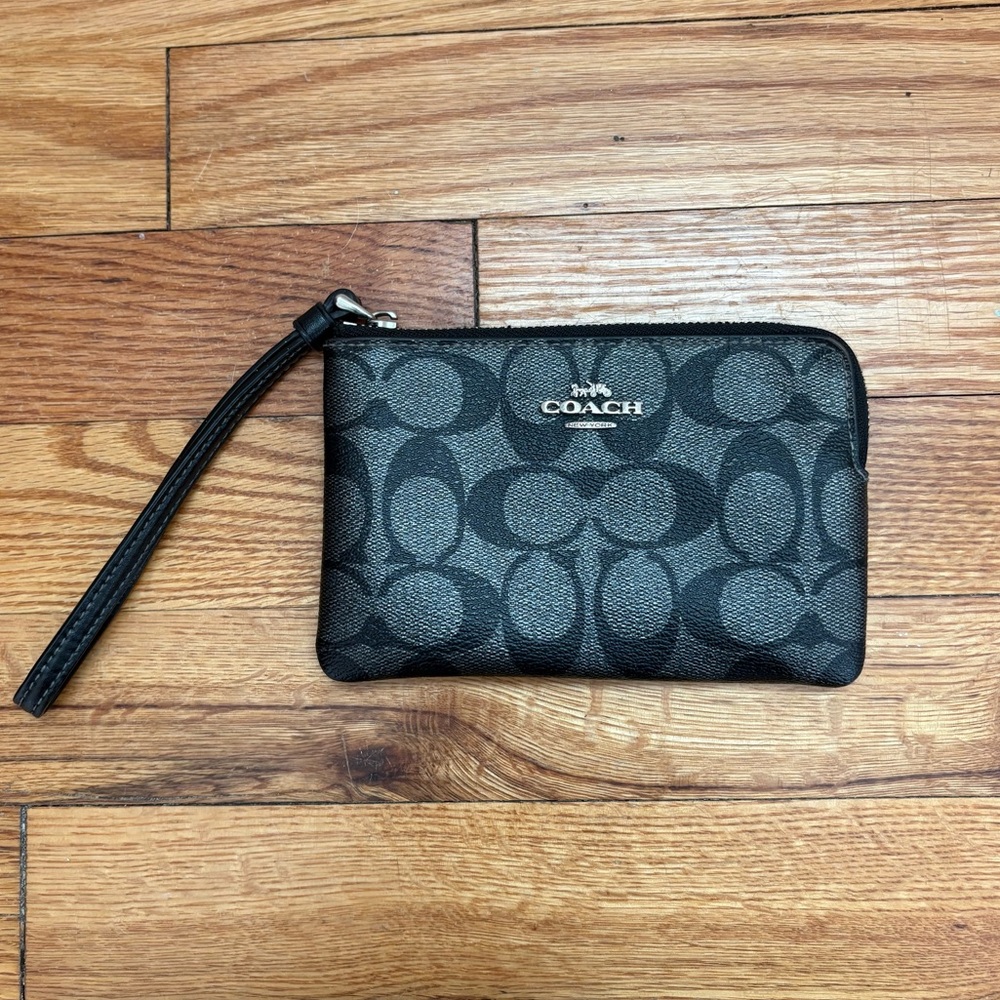 COACH Black Corner Zip Wristlet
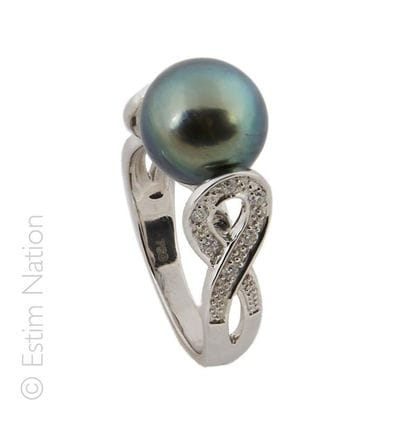 BAGUE PERLE DE TAHITI
Bague en or gris 18K...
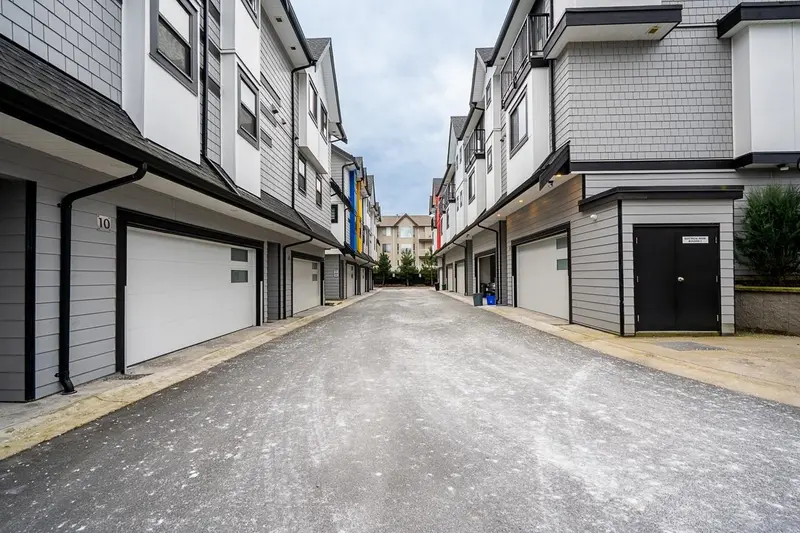 9 32160 PEARDONVILLE ROAD - photo 2 of 18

┄┄┄┄┄┄┄┄┄┄┄┄┄┄┄┄┄┄┄┄

__Exercise requirements__. Restate the data above word for word. Do not include the images.

__Output for this exercise__.
 COACH Black Corner Zip Wristlet
 BAGUE PERLE DE TAHITI
Bague en or gris 18K...
 9 32160 PEARDONVILLE ROAD - photo 2 of 18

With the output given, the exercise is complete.